O músico ainda observa um contraste marcante entre a recepção da cumbia no Brasil e em outros países latino-americanos. “No México é, tipo, uma coisa super pop, super, super, super pop. E no Brasil eu acho que não tem muito isso. Tem assim: é muito cult. Então na verdade é o contrário, em todo o resto dos países é muito popular e aqui é muito cult”, afirma.
Nesse contexto, quando capilarizada pelo Brasil, a cumbia tende a circular em nichos alternativos, vinculada ao circuito independente e a públicos específicos. Essa inversão de status contribui para seu desconhecimento no país, e acaba colocando a cumbia mais na posição de uma descoberta exótica do que como parte integrante da cultura popular.
Uma exceção significativa acontece na região Norte, onde ritmos como a guitarrada e a lambada, que mantêm um diálogo direto com a cumbia, possibilitam uma vivência mais ampla e enraizada dessa sonoridade latino-americana. Tácio, nesse sentido, observa que: “A gente vira as costas, não só para a latinidade, mas vira as costas para o norte”. Ele complementa destacando a força da cumbia no Pará, onde o gênero, assim como o Zouk e o Merengue, é popularmente tocado em fusão com estilos locais como o Brega e o Tecnobrega.
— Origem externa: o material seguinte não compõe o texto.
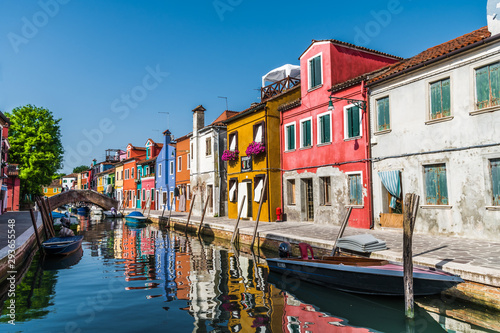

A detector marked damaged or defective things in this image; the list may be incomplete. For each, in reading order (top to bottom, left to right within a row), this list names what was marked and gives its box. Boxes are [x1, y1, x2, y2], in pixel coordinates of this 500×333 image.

Assim, a cumbia, além de reforçar a latinidade, também contribui para essa valorização da identidade nortista. Ao ser reinterpretada por artistas da região, o gênero ganha novas camadas sonoras e simbólicas, dialogando com ritmos locais e expressando vivências marcadas pela geografia, história e cultura do Norte. Essa fusão não apenas amplia as possibilidades estéticas da cumbia, como também reafirma o protagonismo cultural de territórios muitas vezes colocados à margem do cenário musical nacional.
Nesse cenário, a proposta da Móia Cumbia é objetiva: levar o ritmo dançante ao maior número possível de pessoas e lugares. A saxofonista, Bárbara, conta que, após os shows, é comum o público, empolgado com a novidade, buscar recomendações de outras bandas para ouvir. E afirma: “Assim, vamos disseminando e educando a palavra da cumbia”.